Em todo o estado do Rio, o cerco conjunto das gerências de turno contra o povo pobre continua a todo vapor. As investidas do "choque de ordem" de Eduardo Paes seguem demolindo moradias em bairros proletários, reprimindo trabalhadores e recolhendo a população de rua. Ao mesmo tempo em que Cabral rebaixa as favelas a guetos, instalando muros ao seu redor, incrementa a repressão, alocando batalhões da PM no interior das comunidades e eleva o extermínio de seus moradores a níveis de genocídio, onde nem mulheres e crianças são poupadas. É bom lembrar que ambos são aliados de Luiz Inácio e que as obras do PAC também têm sido motivo de despejo de moradores e demolições em bairros pobres no Rio de Janeiro.
Demolições realizadas pelo "choque de ordem" da prefeitura do Rio
Como AND vem noticiando desde o inicio da nova gerência municipal, o ‘choque de ordem’ segue castigando o povo pobre em toda a cidade.
Dia 24 de junho, no mercado São Sebastião, zona norte da cidade, trabalhadores foram duramente reprimidos em nova operação deflagrada pela secretaria especial de ordem pública (Seop). Na ocasião, 25 pequenos estabelecimentos comerciais foram destruídos por quatro pás mecânicas, seis caminhões e três retro-escavadeiras. A ação criminosa é parte do projeto de ‘reurbanização’ e ‘requalificação econômica e social’ do mercado São Sebastião, coordenado pelo Instituto Pereira Passos e que está abrindo caminho para Eduardo Paes e seu rastro de destruição.

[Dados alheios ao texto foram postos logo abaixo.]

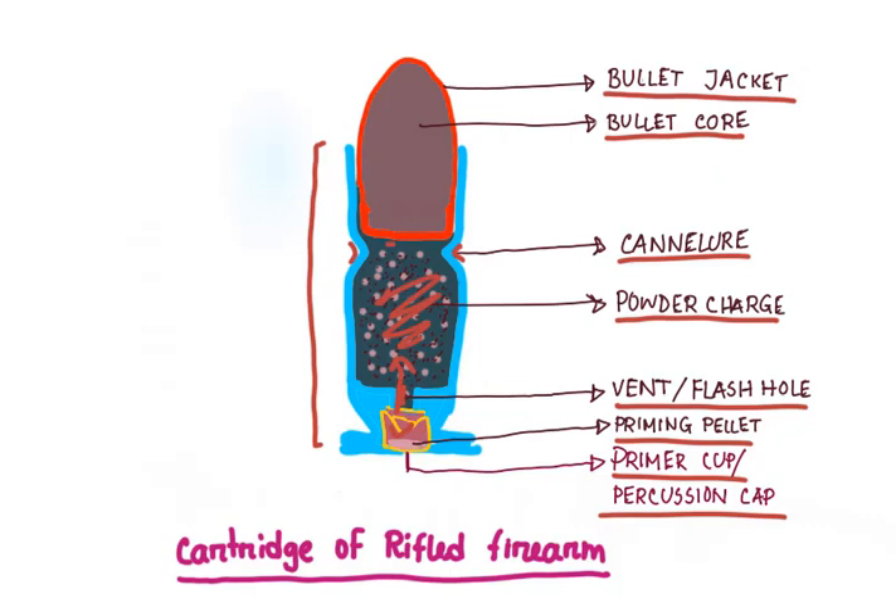Triple base consists of nitrocellulose, nitroglycerin, and nitroguanidine. Smokeless powders burn more completely than black powder, so they produce less flame and smoke. The final type is semi-smokeless powder, which is a mixture of black powder and smokeless powder containing 80% black powder and 20% smokeless powder. That's all for today — hope you enjoyed the video, thanks for watching, take care.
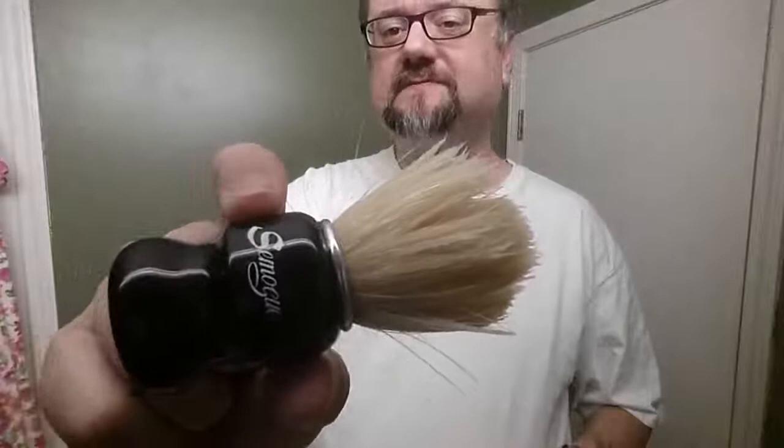Some Simog C5 Torga, premium boar bristle. I like this guy a lot so far. I've had him soaking — today he's soaked for a couple of hours. He's had a nice soak.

Dois dias depois — pela terceira vez em sete meses — o ‘choque de ordem’ foi ao Recreio dos Bandeirantes e destruiu outro edifício, aumentando ainda mais o número de trabalhadores que tiveram a casa reduzida a pó na região. Foi às 7h da manhã, quando cerca de 120 agentes — entre policiais civis e militares e funcionários da Comlurb — chegaram a Rua 2 W, onde o alvo era um prédio de três andares com quase todos os apartamentos ocupados.
Uma semana antes, em operação deflagrada na favela Rio das Pedras, zona oeste da cidade, na localidade conhecida como Curva do Pinheiro a prefeitura destruiu três prédios, cada um com seis andares, deixando dezenas de trabalhadores na rua. Desde janeiro o ‘choque de ordem’ já demoliu 10 prédios em Rio das Pedras, o equivalente a cerca de 300 unidades habitacionais.
No mês de julho as demolições continuaram. Dia 7, equipes da prefeitura foram à rua Imperatriz Leopoldina em Jacarepaguá e derrubaram sete prédios, cada um com dois andares e cerca de 30 apartamentos. Um dos moradores, desesperado, resistiu e acabou preso por desacato à autoridade.
Segundo o balanço geral do ‘choque de ordem’, desde o início das operações 50 imóveis já foram demolidos pela prefeitura — o que equivale a cerca de 400 unidades habitacionais —, mais de 3 mil moradores de rua foram recolhidos, sendo 763 crianças, e outros 273 foram presos, sendo 23 crianças. O total de mercadorias ‘apreendidas’ pela repressão a camelôs e outros trabalhadores pobres também assusta. Foram 21 toneladas de materiais perecíveis e mais de 225 mil produtos de gêneros variados. Quase 500 trabalhadores foram presos, entre comerciantes e guardadores de carro.
‘Vigiados’ como criminosos
Enquanto isso, nos bairros pobres da zona Sul da cidade, novas ‘unidades pacificadoras’ são inauguradas pela gerência estadual, incrementando mês a mês a criminalização da pobreza e minando pontualmente a organização do povo nas favelas.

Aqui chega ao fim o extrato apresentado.